つまり、社会主義経済の失敗の総括反省を抜きにして、現代の資本主義社会で生じている危機や病理構造の解決策、新しい政治経済理論の提案を行うことは困難であると言える。
金融資本主義、国際市場経済への流れを止めることは不可能に近い
新自由主義的経済や世界規模の金融資本主義を行き過ぎた資本主義経済と理解し、その修正を試みることはできる。その代表がケインズ経済学である。社会民主主義政党が政権運営をしてきたヨーロッパの国々では、ケインズ経済学に基づく政策を取り入れてきた。
行き過ぎた自由主義経済を規制するために、公共経済を国民経済の充実を図るために、政府主導の経済政策によって、世界経済の推進力と評価されている国際市場の制限、自由貿易の規制、公共事業推進、国内資本の海外流出防止策等々、国家が積極的に市場経済に介入することが可能だろうか。
例えば、資本主義の発展形態として登場した金融資本主義、銀行資本と産業資本の一体化によって形成されてきた金融資本の巨大発展を阻止し、またその資本力を抑制することが出来るだろうか。
1990年代に起こった大手銀行や証券会社の倒産を防ぎ、世界の金融市場での日本の銀行資本の国際競争力を確保するために、政府は大規模な金融制度改革を1996年から始めた。この金融制度改革を日本版の金融ビッグバンと呼んでいる。三つの金融資本(銀行、証券と信託)の業務分野のすみ分け(銀行資本を他の金融資本から擁護、金融資本の独占化を禁止、中小企業や農業分野の保護のために取られていた規制)を廃止した。
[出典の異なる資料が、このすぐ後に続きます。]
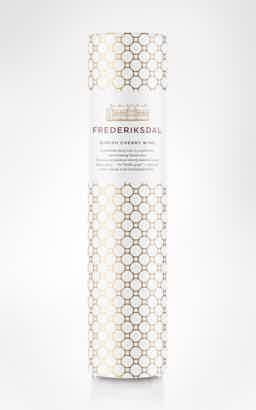 Frederiksdal Eksklusive Geschenkröhre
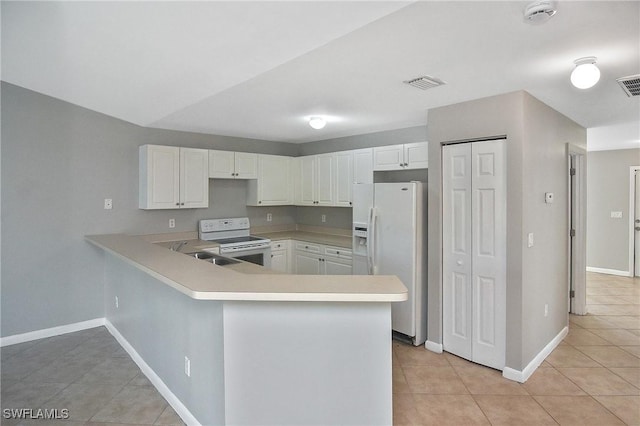 5321-5323 28th St SW, Lehigh Acres, FL 33973 - photo 15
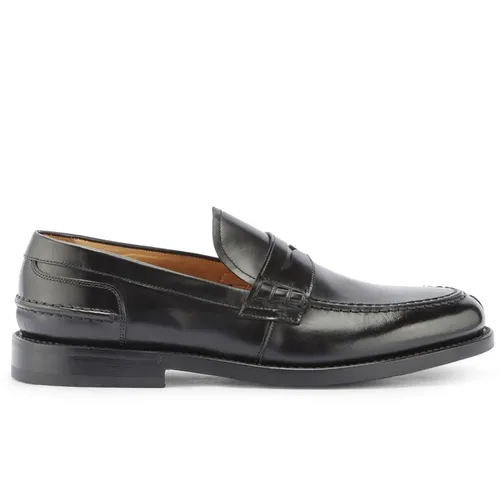 Loafers - Fabi - Modalova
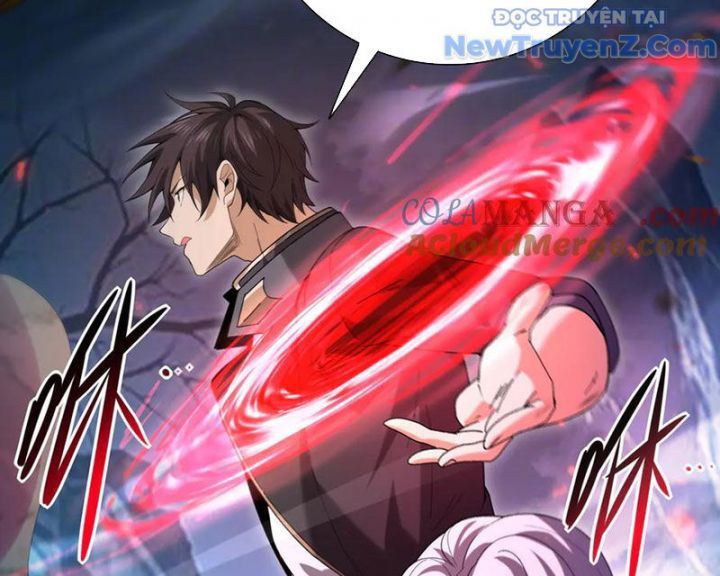 đọc truyện Toàn Dân Chuyển Chức: Ngự Long Sư Là Chức Nghiệp Yếu Nhất? Chương 119 ảnh 75 tại Thiên Thai Truyện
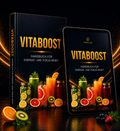 VITABOOST – Handbuch für Energie- und Fokus-Reset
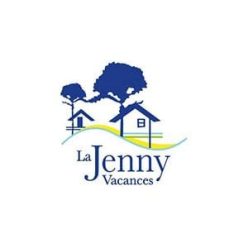 le-jenny-vacances-logo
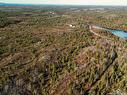 8-9 Privateer Road, West Dover, NS 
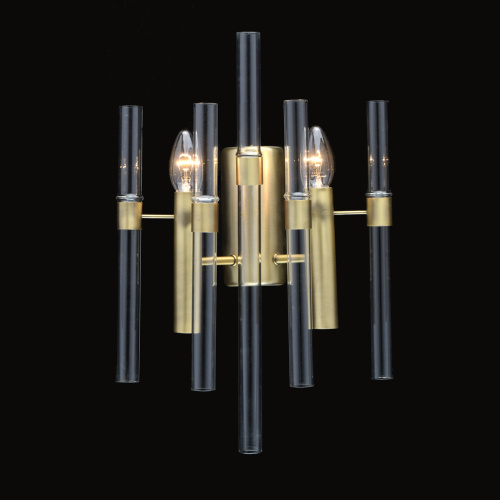 Бра MW-Light Альгеро 285021002 фото 5 Бра MW-Light Альгеро 285021002 фото 5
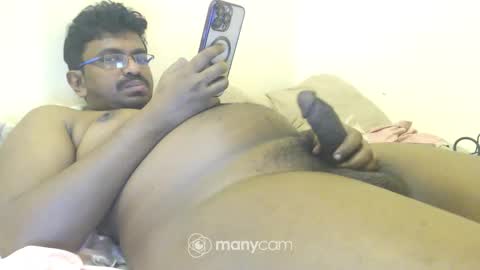 Snapshot of hotgluteus4321 chatting on February 21, 7:48 pm hotgluteus4321 online show from February 21, 7:48 pm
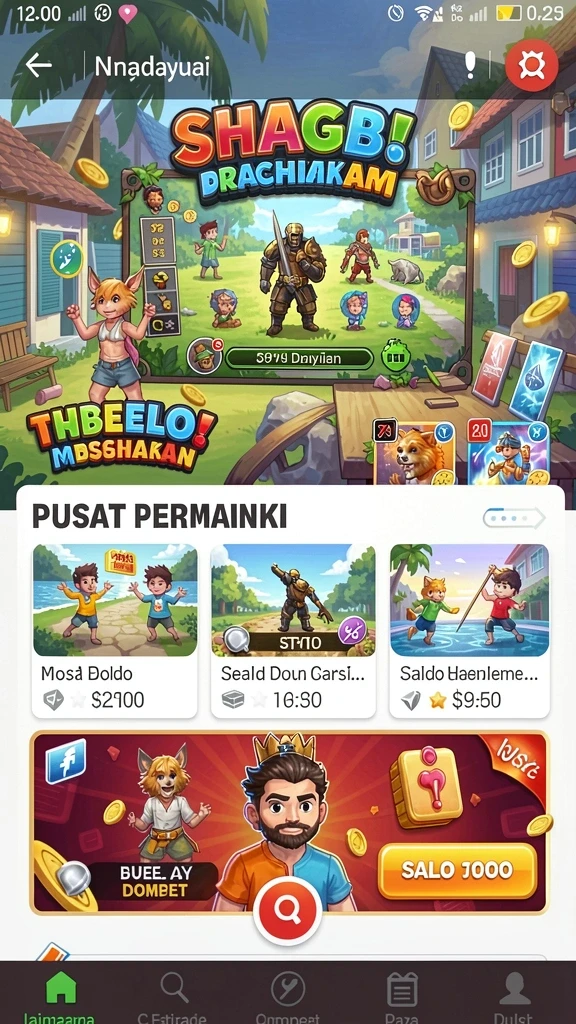 Screenshot okjk nomor 2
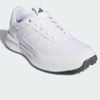 Giày golf nam Đinh Liền S2G 24 IF0277| ADIDAS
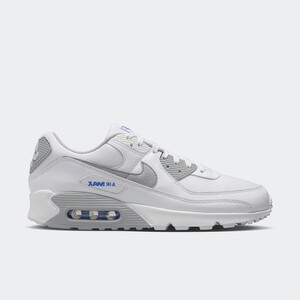 Nike Air Max 90 "Laser Blue" | HM0705-100 Nike Air Max 90 "Laser Blue" | HM0705-100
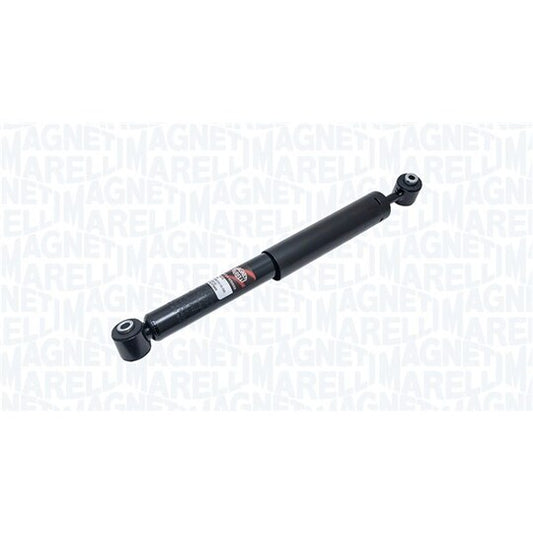 Magneti Marelli Shock Absorber to suit Ford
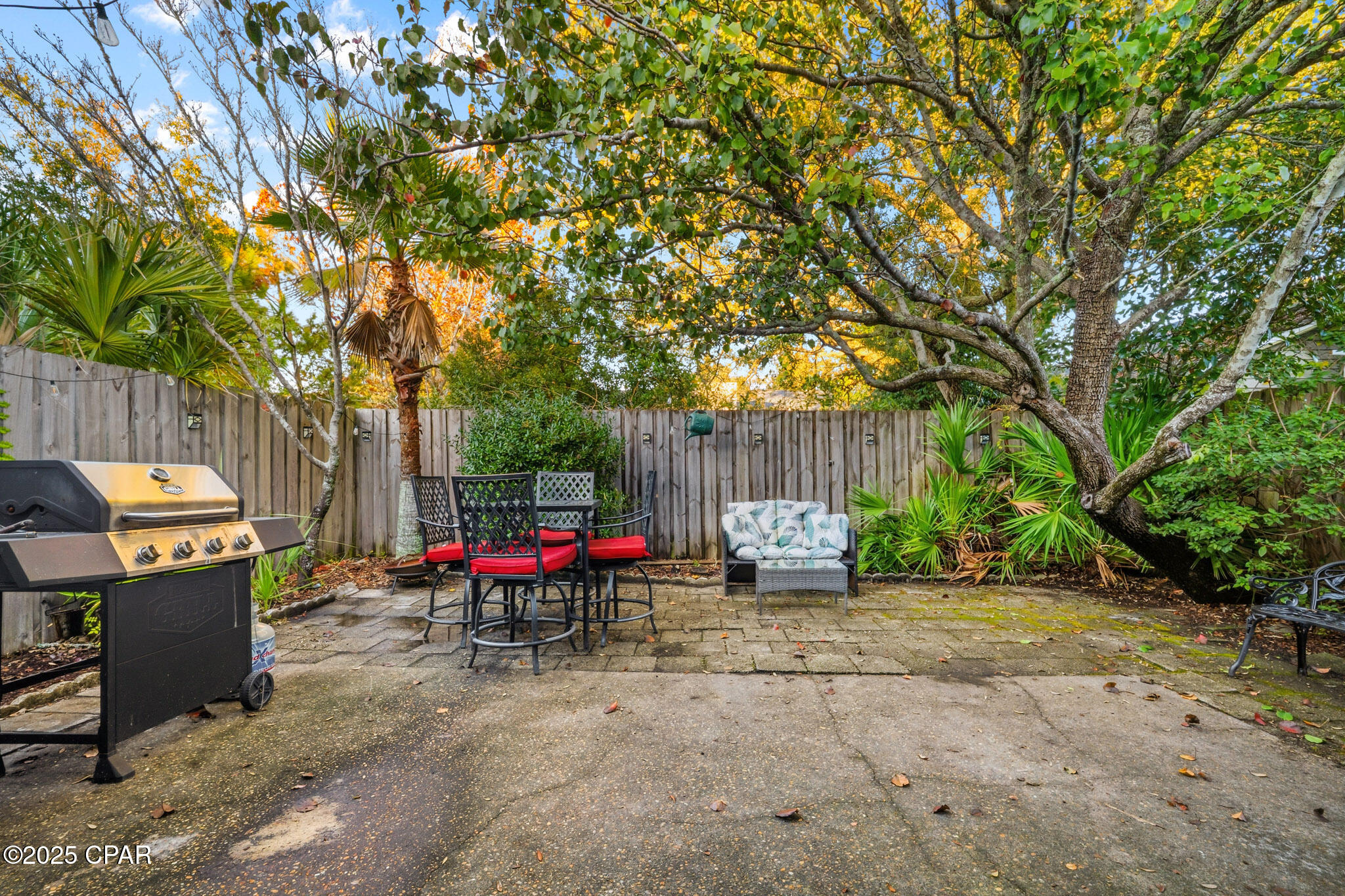 Image 20 For 8520 Lagoon Drive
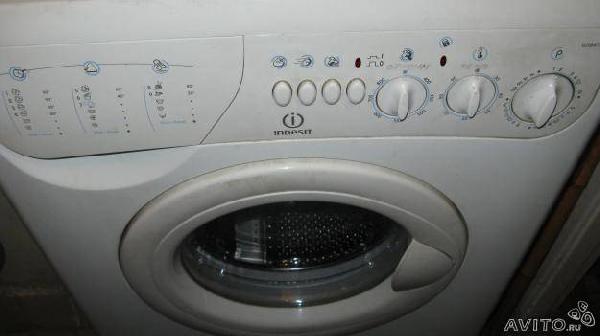 Сколько стоит доставка стиральной машиной по Ростову-на-Дону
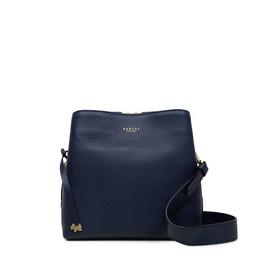 Radley Dukes Place Medium Multiway Bag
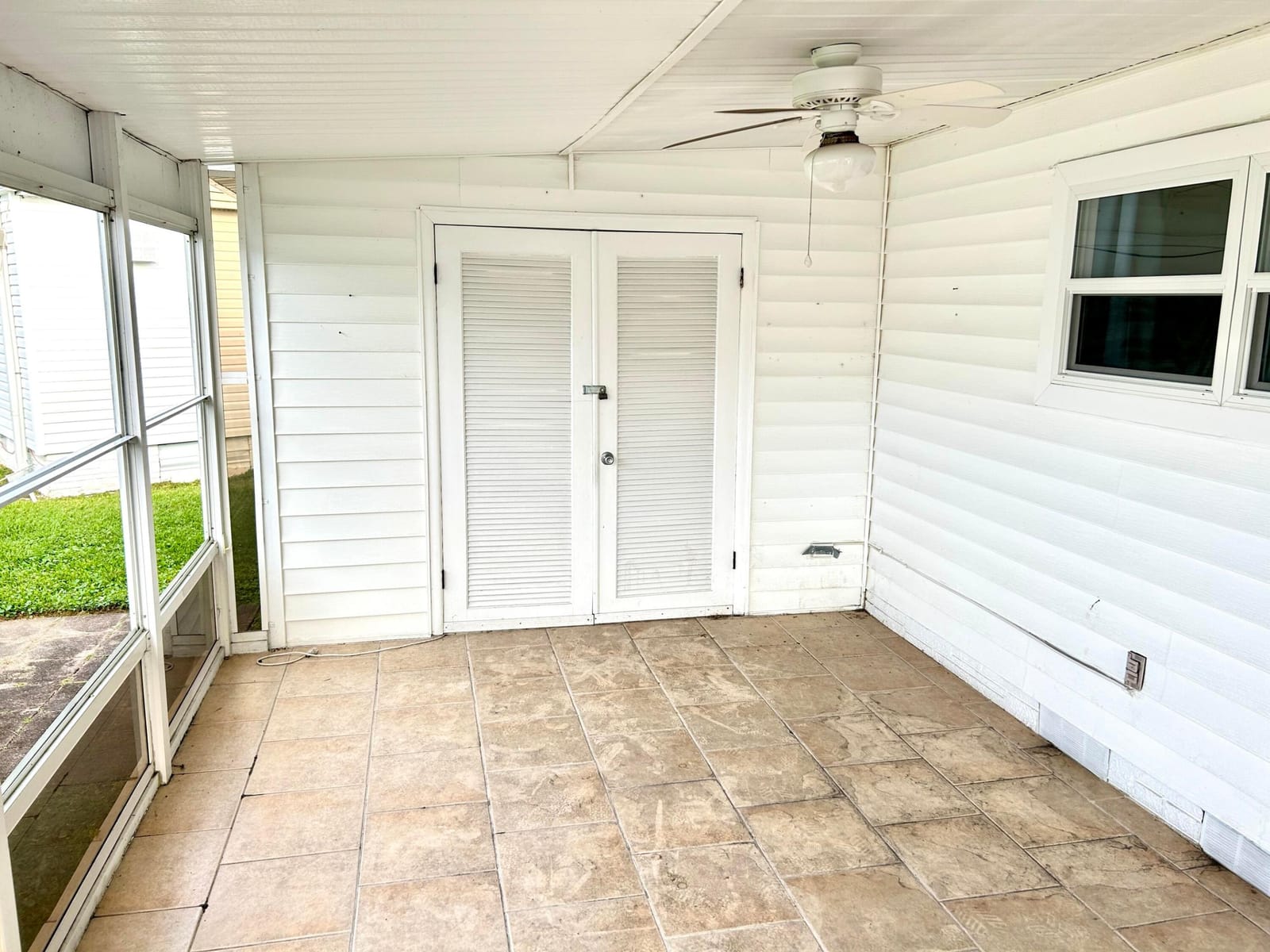 1401 S 33 Road, Hollywood, FL 33021 photo 6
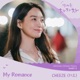 Hometown Cha Cha Cha Pt 3 Original Television Soundtrack Single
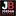 Blogdojordanbezerra.com Favicon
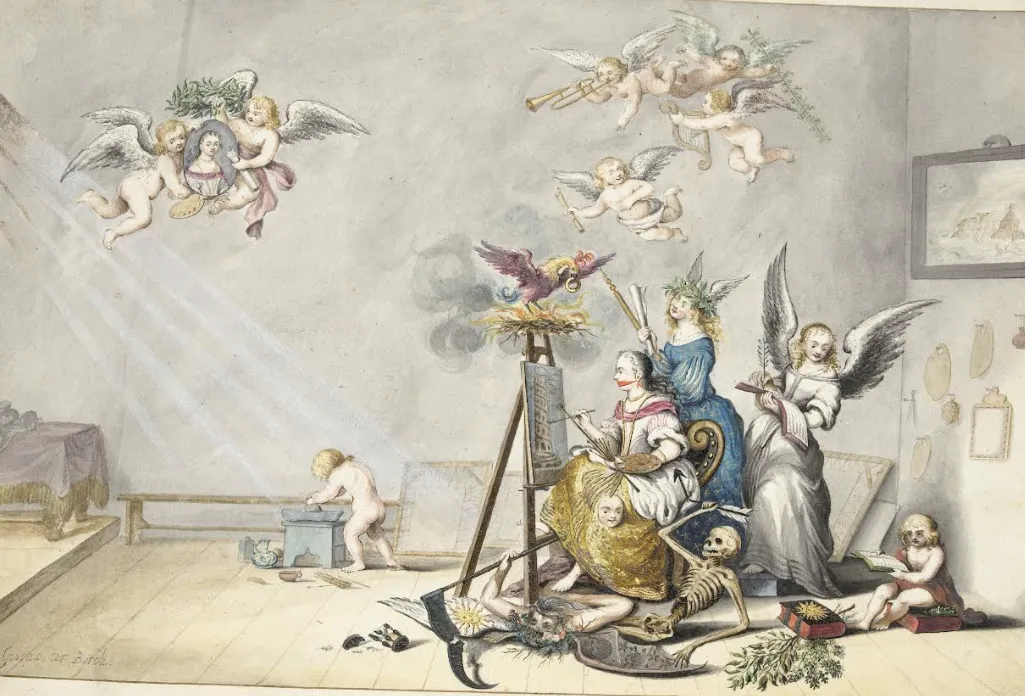 Schermafbeelding 2025-11-14 113305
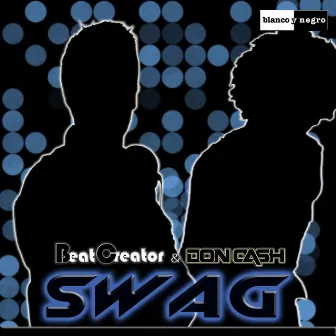 Swag by Don Cash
この規制緩和を見直し、金融資本の巨大化を防ぐために、1996年以前の金融規制制度を復活させるとすれば、日本の金融資本は国際的な競争力を失い、倒産もしくは世界金融資本に吸収合併されるかもしれない。つまり、この規制緩和見直しは不可能であると言える。
この不可能さの理由は、国内の産業資本や金融資本のすべてが、国際市場の舞台で、経営活動をしているからである。日本津々浦々、どの田舎の家にも、中国製、韓国製、アメリカ制やヨーロッパ製の生産物が置かれている。また、同様に、世界のどの国に行っても、日本製の車や電気製品が売られている。今さら、貿易規制、極論すると経済鎖国を復活することはできない。
しかも、インターネットの普及によって商品情報は国境を超え全世界に流れる。それを防ぐことはできない。国際化する経済活動は情報社会に支えられ、世界全体の需要を前提に行われる。市場の国際化が経済活動の発展の要因となり、今日の経済発展が形成されてきた歴史の流れを止めることも、逆向きにすることも不可能である。言い換えると、資本主義経済に予めプログラムされていた進化の方向、市場の拡大を止めることはできない。
例えば、生物進化の過程から理解できるように、身体機能の進化が遺伝子プログラムに組み込まれているため、生態環境の変化によって、その個体保存が困難になる状況が生じる場合、その個体種は絶滅の危機に瀕することになる。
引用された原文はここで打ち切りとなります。